The government initially asked for 36 years in federal prison for Konold. Along the way, Konold turned down a plea deal of four to nine years. Ultimately, she pled down to just the one 1512 felony charge with a final offer of six months and the less serious felony. Miraculously, Konold was eventually only sentenced to 45 days in federal prison with an additional three months of home confinement with GPS monitoring. Konold will pay for the ankle monitor and be responsible for a $2000 fine when she is released.


Sentencing Hearing

During her Jan. 1, 2024 sentencing hearing, Judge Kelly told Konold it was her moving statement and her many glowing character letters that convinced him to reduce her sentence. According to Konold, Judge Kelly stated, "I read through your character letters extensively, and the weight of the things mentioned in those letters are things that I've never heard of a single person doing." Konold shared that the judge seemed moved by her many acts of kindness. She gave examples, "There's like one where [I] stayed by to help with a stillbirth. I rehabilitated elderly sick people for years. I donated gallons of breast milk to NICU babies when I was home with my babies."

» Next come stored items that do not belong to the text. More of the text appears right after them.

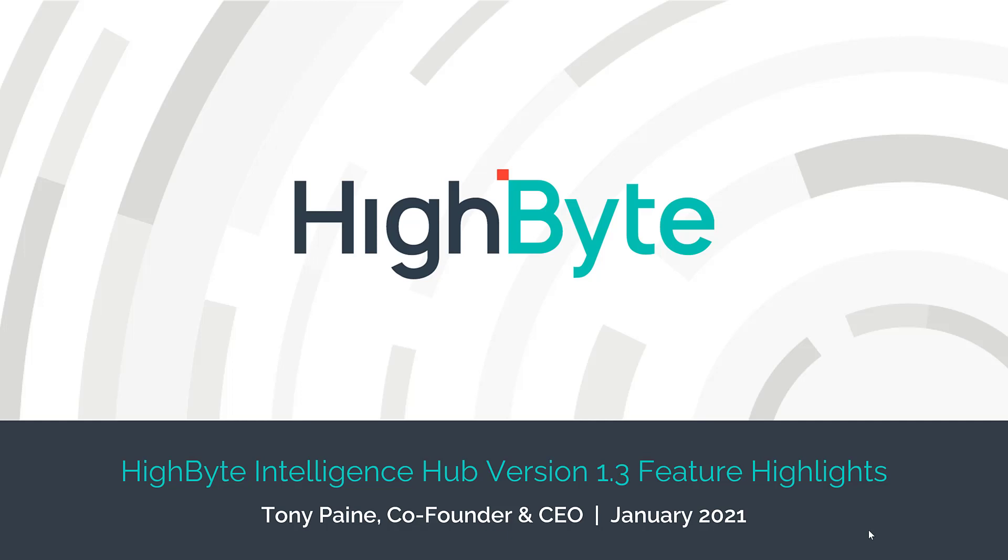Hello, this is Tony Payne, co-founder and CEO of HighByte, and I would like to highlight some of the new capabilities we introduced in this week's release of the HighByte Intelligence Hub.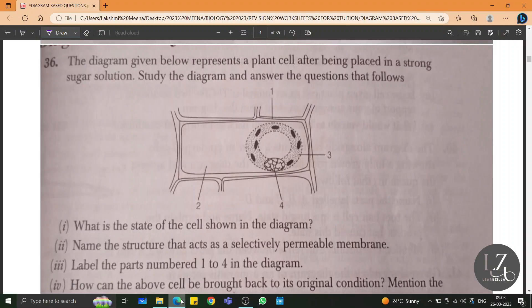This is one of the important questions from the chapter Absorption by Roots. The diagram given below represents a plant cell after being placed in a strong sugar solution. Study the diagram and answer the questions that follow. Strong sugar solution means a hypertonic solution in which the plant cell has been placed.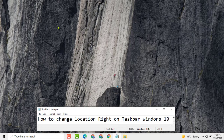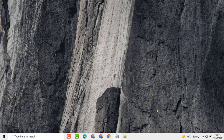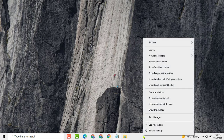Hello friends, today in this video I will show you how to change the taskbar location on Windows 10 PC or laptop. First, you need to right-click any empty area on the taskbar.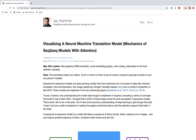Welcome to Edge Intelligence Meetup. In this YouTube video, we are going to discuss visualization of a new machine translation model — the mechanics of sequences with attention. Thanks to Jay Alammar for creating such a great visualized blog, which we are going to discuss here.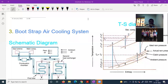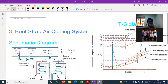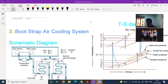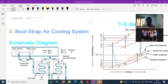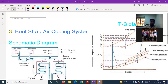Let us start today's session. In the last session, we finished with the analysis of simple air cooling system and solved one problem based on that. Now in this session, we will understand the schematic and the TS diagram for the bootstrap air cooling system. We will also extend it for the bootstrap air evaporative cooling system.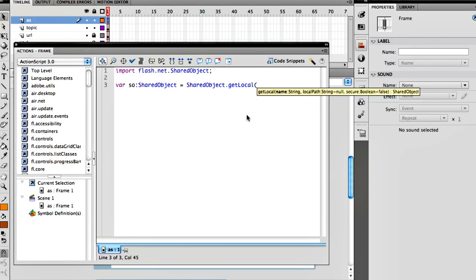The first parameter is really the name of the file that we want to fetch. We don't have to put the dot extensions, we just give it a name. So for example, let's call this 'everythingFLA'. So everythingFLA is going to be our file name, the name of our local storage. Now what Flash is going to do is look for that file. If it cannot find that file it will create it, so it's automatically creating. We don't have to ask to create it, you don't have to check if it exists or not, it will automatically create it if it does not exist.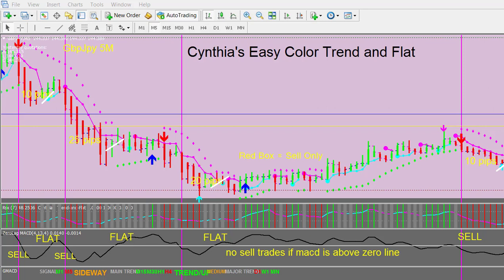Hi Traders, this is Cynthia of DayTrade Forex bringing you the introduction to my new EasyColor Trend and Flat trading system for the MT4 platform.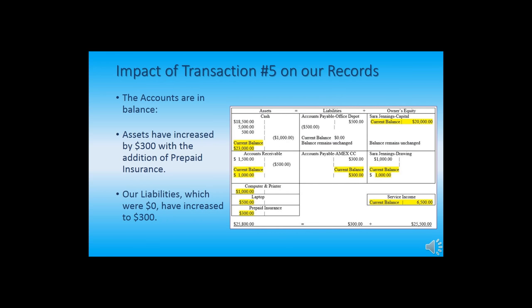Now it's time to talk about the impact of transaction five on our records. As you can see in the diagram, the accounts are in balance. Assets have increased by $300 with the addition of prepaid insurance. Our liabilities, which were zero, have increased to $300. Our assets total $25,800. Our owner's equity totals $25,500. The total liabilities plus owner's equity equals $25,800, which equals the amount of our assets, $25,800. The accounting equation remains in balance. Congratulations for making it this far — now on to transaction six.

While Konold read her statement, she explained that her "tears were so bad she couldn't even see the paper she was reading it from." Kelly looked at her and told her "to take a breath." At that point, Konold thought to herself, "This guy does have a soul. And then he gave the verdict of 45 days in prison plus three months of home confinement. Then the judge looked at the prosecutor who had been reaming me the whole sentencing, looking for blood, and he said, 'Do you have any objection to the sentence?' And the prosecutor just like looked at me and put his head down and shook his head, no. My lawyer was bewildered. He had given me a hard time about my wanting to manifest [a good outcome]. He threw his hands up and said to me, 'You did it.' No one saw that coming." Konold has to turn herself in before Apr. 1. However, the paperwork detailing her prison location has yet to arrive.

As for her two-year-old Henry, Konold is very worried about him because they are so close. She rarely leaves his side. Konold found a family across the country who has similar values to hers. The family will take Henry while she is in prison. Konold still has to raise money for airfare and to provide for him while he is there. "They have four kids of their own, and they are already strapped for money," said Konold. She added, "It's going to be a really hard adjustment. It's going to be really hard for that Mama because he's still breastfeeding. The longest he's been away from me is when I had to go to my sentencing. And I took red eye flights to DC, went to court, flew back the same day. It was 2 1/2 days and 24 hours he was crying at the door, looking for me. It's going to be hard."